■ Extracted information
____

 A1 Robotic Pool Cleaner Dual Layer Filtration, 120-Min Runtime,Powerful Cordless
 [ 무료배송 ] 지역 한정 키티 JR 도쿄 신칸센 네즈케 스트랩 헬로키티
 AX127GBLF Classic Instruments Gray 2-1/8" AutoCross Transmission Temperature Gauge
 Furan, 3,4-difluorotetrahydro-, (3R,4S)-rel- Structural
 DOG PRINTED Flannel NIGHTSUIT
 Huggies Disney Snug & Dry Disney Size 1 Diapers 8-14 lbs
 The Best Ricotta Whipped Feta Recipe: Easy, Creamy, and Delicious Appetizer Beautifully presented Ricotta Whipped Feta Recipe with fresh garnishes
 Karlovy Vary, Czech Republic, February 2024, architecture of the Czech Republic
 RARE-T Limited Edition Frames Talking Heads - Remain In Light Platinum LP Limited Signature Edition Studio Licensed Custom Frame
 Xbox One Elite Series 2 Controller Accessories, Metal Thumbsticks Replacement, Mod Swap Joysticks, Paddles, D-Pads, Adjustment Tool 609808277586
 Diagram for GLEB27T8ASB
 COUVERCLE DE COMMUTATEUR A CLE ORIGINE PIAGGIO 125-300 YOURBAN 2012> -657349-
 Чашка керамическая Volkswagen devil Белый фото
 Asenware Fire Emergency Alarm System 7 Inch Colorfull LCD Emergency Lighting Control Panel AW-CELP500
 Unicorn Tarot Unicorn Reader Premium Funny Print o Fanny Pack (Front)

____

■ Problem requirements
From the first line of the data above to the line containing "The Best Ricotta", repeat everything exactly and add nothing.

■ Response to this task
 A1 Robotic Pool Cleaner Dual Layer Filtration, 120-Min Runtime,Powerful Cordless
 [ 무료배송 ] 지역 한정 키티 JR 도쿄 신칸센 네즈케 스트랩 헬로키티
 AX127GBLF Classic Instruments Gray 2-1/8" AutoCross Transmission Temperature Gauge
 Furan, 3,4-difluorotetrahydro-, (3R,4S)-rel- Structural
 DOG PRINTED Flannel NIGHTSUIT
 Huggies Disney Snug & Dry Disney Size 1 Diapers 8-14 lbs
 The Best Ricotta Whipped Feta Recipe: Easy, Creamy, and Delicious Appetizer Beautifully presented Ricotta Whipped Feta Recipe with fresh garnishes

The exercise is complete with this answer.